Data records:
════

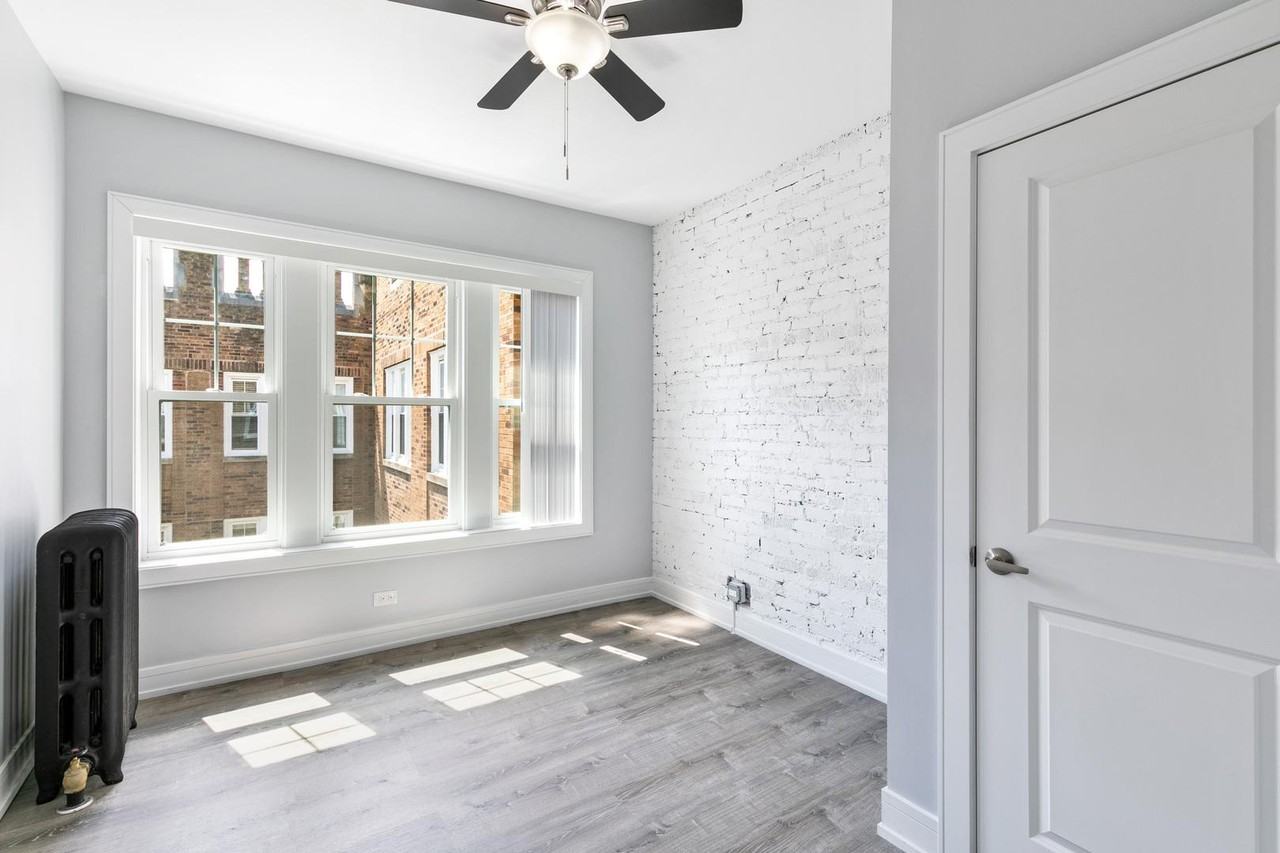 6954 N Wolcott Ave #1 - Photo 2 of 12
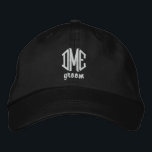 Groom Personligt bröllp Monogram Baseball Cap Broderad Keps<br><div class="desc">Överraska brudgummen med den här coolan baseball stil-hatten som har hans 3 brev monogram och ord-groomen nedanför. Ändra enkelt texten och taket för färg så att det passar ditt bröllop-tema/färger. Det gör en förlovning eller bröllopsgåva till fantastisk. De samordnade prickarna ser bra ut även i fotona. Enkla och klassiska, men...</div>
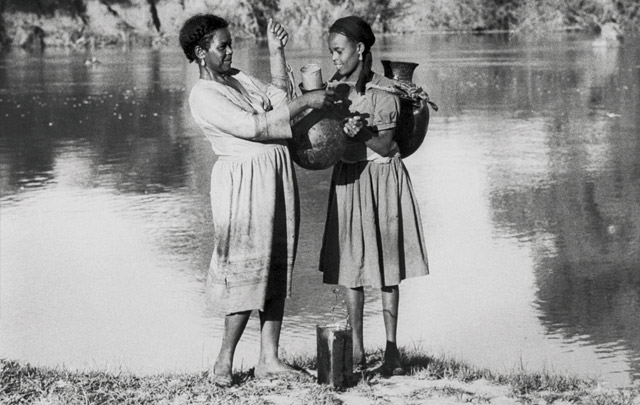 Ethiopia_women-at-river
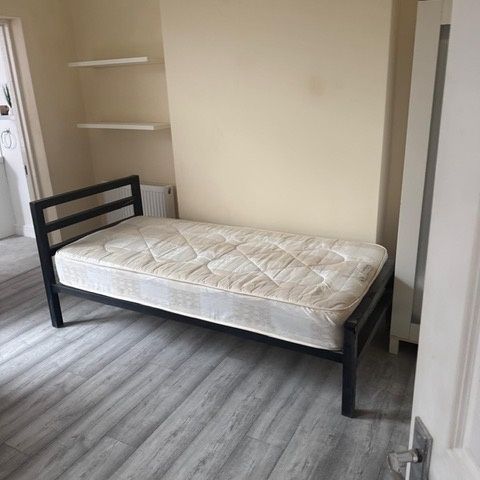 Studio Flat, Cobbold Road, NW10 - Photo 1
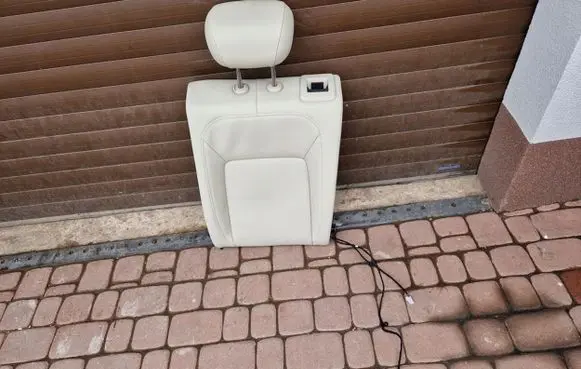 Rear seat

════

What you are asked to do: No images belong in the copy. Transcribe every record exactly.

Final answer:
 6954 N Wolcott Ave #1 - Photo 2 of 12
 Groom Personligt bröllp Monogram Baseball Cap Broderad Keps<br><div class="desc">Överraska brudgummen med den här coolan baseball stil-hatten som har hans 3 brev monogram och ord-groomen nedanför. Ändra enkelt texten och taket för färg så att det passar ditt bröllop-tema/färger. Det gör en förlovning eller bröllopsgåva till fantastisk. De samordnade prickarna ser bra ut även i fotona. Enkla och klassiska, men...</div>
 Ethiopia_women-at-river
 Studio Flat, Cobbold Road, NW10 - Photo 1
 Rear seat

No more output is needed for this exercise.